Size-dependent plasmonic performance of unconventional transition metal nanoparticles as alternatives to noble metals

Abstract

This study reports the optical and plasmonic properties of unconventional transition metal nanoparticles (UTM-NPs), which include Ti, Mo, Rh, Zn, Ta, Sc, Au, Ag and Re by analyzing their quality factor (Q-factor), dielectric constants and plasma frequency across a nanoparticle size range of 10 nm to 400 nm. Theoretical modeling and numerical simulation of secondary data using the Drude model and Mie theory were used to determine the quality factor, plasma frequency and dielectric constants of the UTM-NPs. These methods enabled systematic characterization and comparative study of their plasmonic properties with those of conventional noble metals Au, Ag & Cu. Compared to the noble metals, the UTM-NPs exhibited unique plasmonic behaviors with size-dependent plasmon resonance characteristics in the visible to near-infrared range. The UTM-NPs in the size range 10 nm to 150 nm presented lower Q-factors due to increased damping and atomic disorder while those in the size range 200 nm to 400 nm exhibited higher Q-factors due to higher energy losses resulting from surface scattering. The results indicated that an optimal NP size range for each transition metal is between 275 nm to 325 nm, where the Q-factor is optimal. Titanium demonstrated the highest Q-factors in this optimal range, whereas Scandium and Zinc show limited visible-range plasmonic response due to strong UV-range interband absorption. Ag and Au NPs outperformed UTM-NPs in plasmonic quality factors across visible energies due to low intrinsic damping and favorable dielectric properties. UTM-NPs exhibited richer spectral dependence, with some materials showing discrete windows of improved Q-factor, reflecting complex interband electronic structure effects.
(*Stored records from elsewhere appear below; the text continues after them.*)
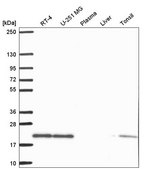 Anti-SKP1 antibody produced in rabbit Prestige Antibodies&#174; Powered by Atlas Antibodies, affinity isolated antibody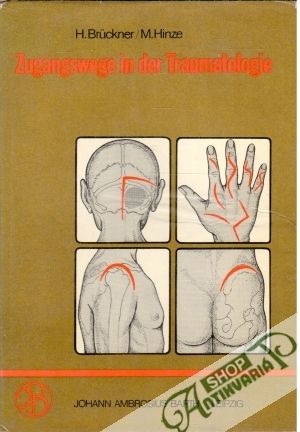 Obal knihy Zugangswege in der Traumatologie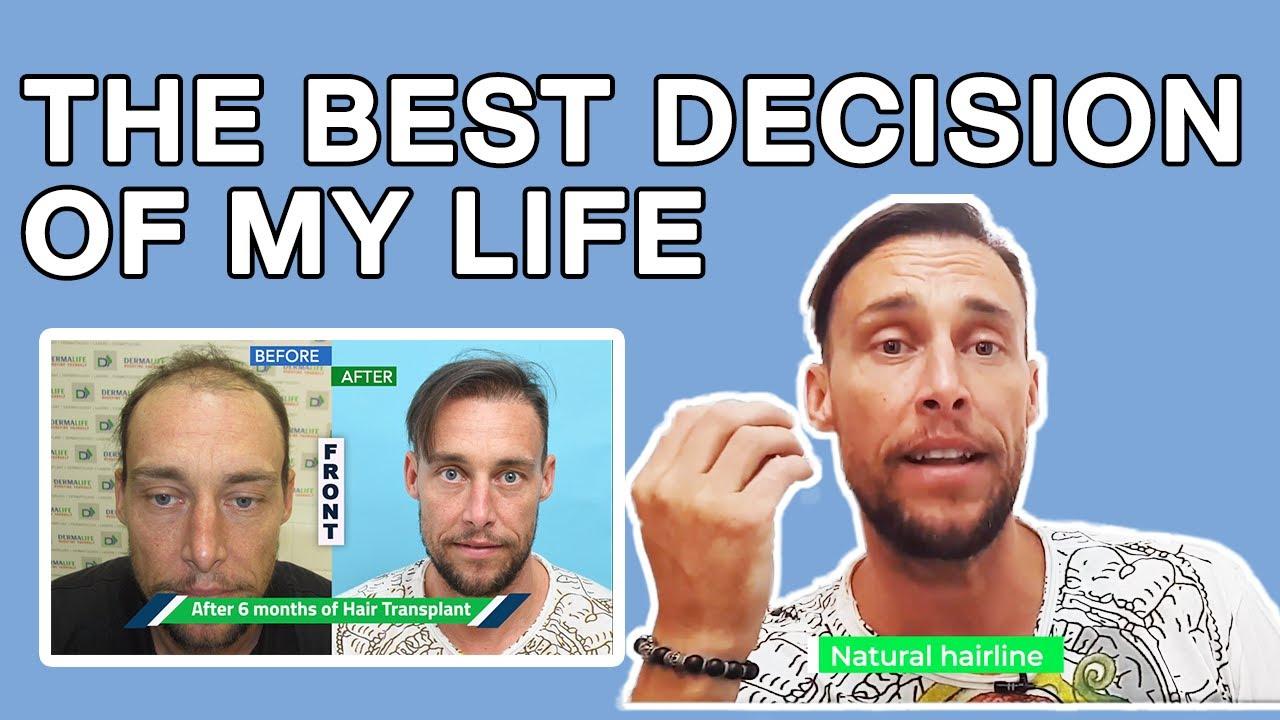 Dermalife - Best Skin and Hair Clinic in Delhi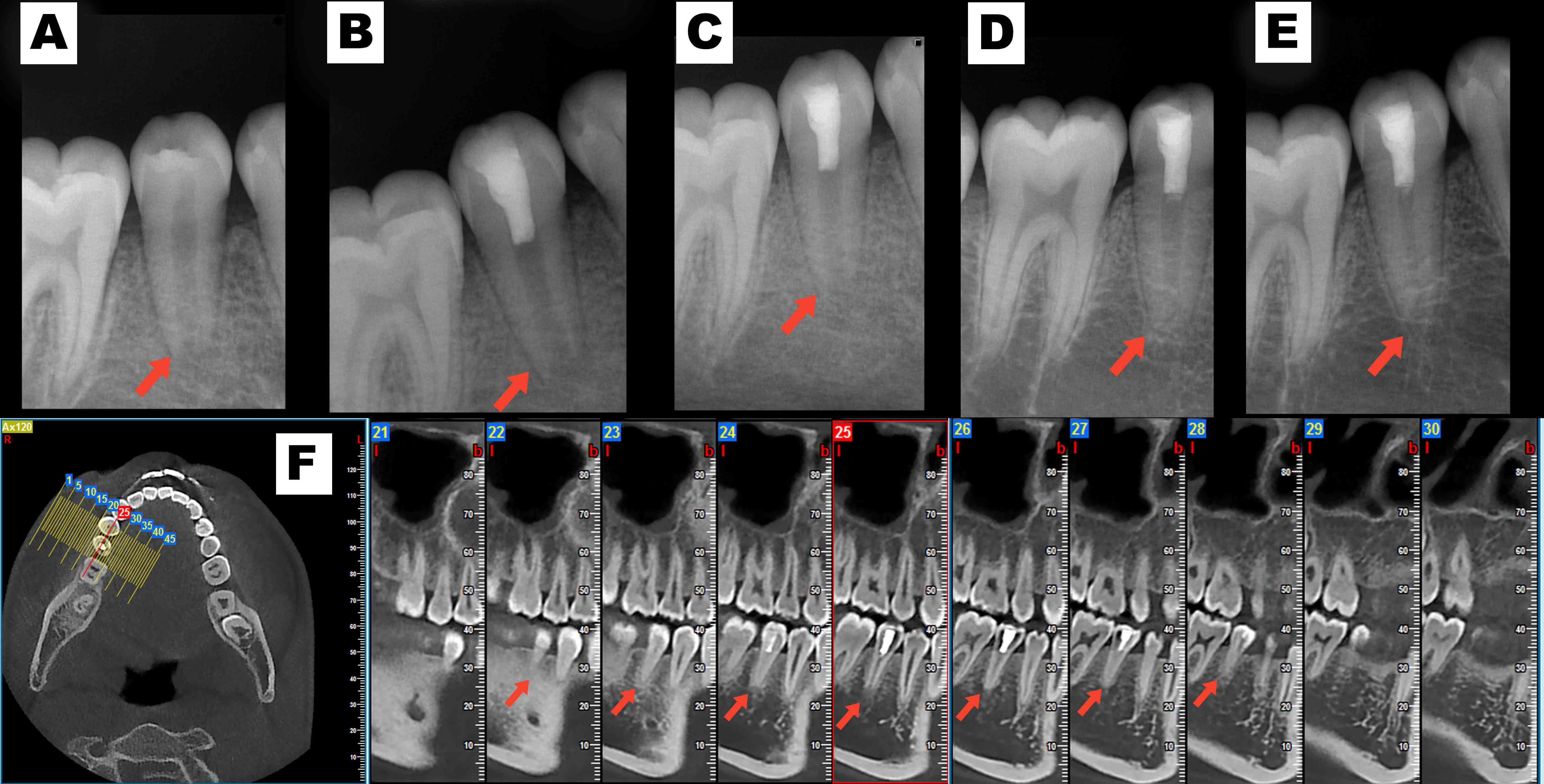 Radiographs of teeth in the control group obtained. (A)
preoperatively. (B) 6 months post-therapy. (C) 12 months post-therapy. (D) 18
months post-therapy, and (E) 24 months post-therapy after 24 months of pulp
regenerative therapy. (F) Cone-beam computed tomography images 24 months after
therapy.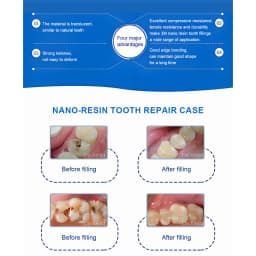 A1 A2 A3 A3.5 B1 Universal Dental Light Curing flowable Composite Resin for Tooth Restoration Dental Materials Available In 4 Co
These trends emphasized that plasma frequency, interband transitions and radiative damping jointly dictate plasmon coherence, and must be considered when selecting materials for wavelength-specific plasmonic applications. These findings positioned some unconventional transition metals like Ti, Mo and Re as thermally stable alternatives to noble metals in next-generation optoelectronic and plasmonic applications.